■ **THE DATA**
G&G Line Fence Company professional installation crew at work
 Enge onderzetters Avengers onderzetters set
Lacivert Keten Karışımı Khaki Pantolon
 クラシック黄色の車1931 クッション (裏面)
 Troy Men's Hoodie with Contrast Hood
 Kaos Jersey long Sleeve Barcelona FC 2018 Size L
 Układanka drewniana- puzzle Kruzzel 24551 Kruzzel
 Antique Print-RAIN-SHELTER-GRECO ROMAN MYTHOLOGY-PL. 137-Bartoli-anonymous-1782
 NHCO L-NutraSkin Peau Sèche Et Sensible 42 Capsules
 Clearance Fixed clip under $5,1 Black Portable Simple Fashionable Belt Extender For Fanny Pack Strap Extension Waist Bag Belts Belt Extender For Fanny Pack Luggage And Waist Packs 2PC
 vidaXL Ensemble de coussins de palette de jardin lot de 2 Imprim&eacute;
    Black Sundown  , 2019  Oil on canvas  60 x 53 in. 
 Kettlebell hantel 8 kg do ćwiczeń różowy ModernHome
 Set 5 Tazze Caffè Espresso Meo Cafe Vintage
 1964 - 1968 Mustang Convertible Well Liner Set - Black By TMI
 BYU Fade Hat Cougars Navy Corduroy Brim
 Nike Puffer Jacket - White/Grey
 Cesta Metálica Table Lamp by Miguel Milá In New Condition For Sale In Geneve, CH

■ **PROBLEM REQUIREMENTS**
Print exactly, and only, the lines running from the one that contains "Enge onderzetters Avengers onderzetters set" to the last line of the records above.

■ **SOLVED PROBLEM**
 Enge onderzetters Avengers onderzetters set
Lacivert Keten Karışımı Khaki Pantolon
 クラシック黄色の車1931 クッション (裏面)
 Troy Men's Hoodie with Contrast Hood
 Kaos Jersey long Sleeve Barcelona FC 2018 Size L
 Układanka drewniana- puzzle Kruzzel 24551 Kruzzel
 Antique Print-RAIN-SHELTER-GRECO ROMAN MYTHOLOGY-PL. 137-Bartoli-anonymous-1782
 NHCO L-NutraSkin Peau Sèche Et Sensible 42 Capsules
 Clearance Fixed clip under $5,1 Black Portable Simple Fashionable Belt Extender For Fanny Pack Strap Extension Waist Bag Belts Belt Extender For Fanny Pack Luggage And Waist Packs 2PC
 vidaXL Ensemble de coussins de palette de jardin lot de 2 Imprim&eacute;
    Black Sundown  , 2019  Oil on canvas  60 x 53 in. 
 Kettlebell hantel 8 kg do ćwiczeń różowy ModernHome
 Set 5 Tazze Caffè Espresso Meo Cafe Vintage
 1964 - 1968 Mustang Convertible Well Liner Set - Black By TMI
 BYU Fade Hat Cougars Navy Corduroy Brim
 Nike Puffer Jacket - White/Grey
 Cesta Metálica Table Lamp by Miguel Milá In New Condition For Sale In Geneve, CH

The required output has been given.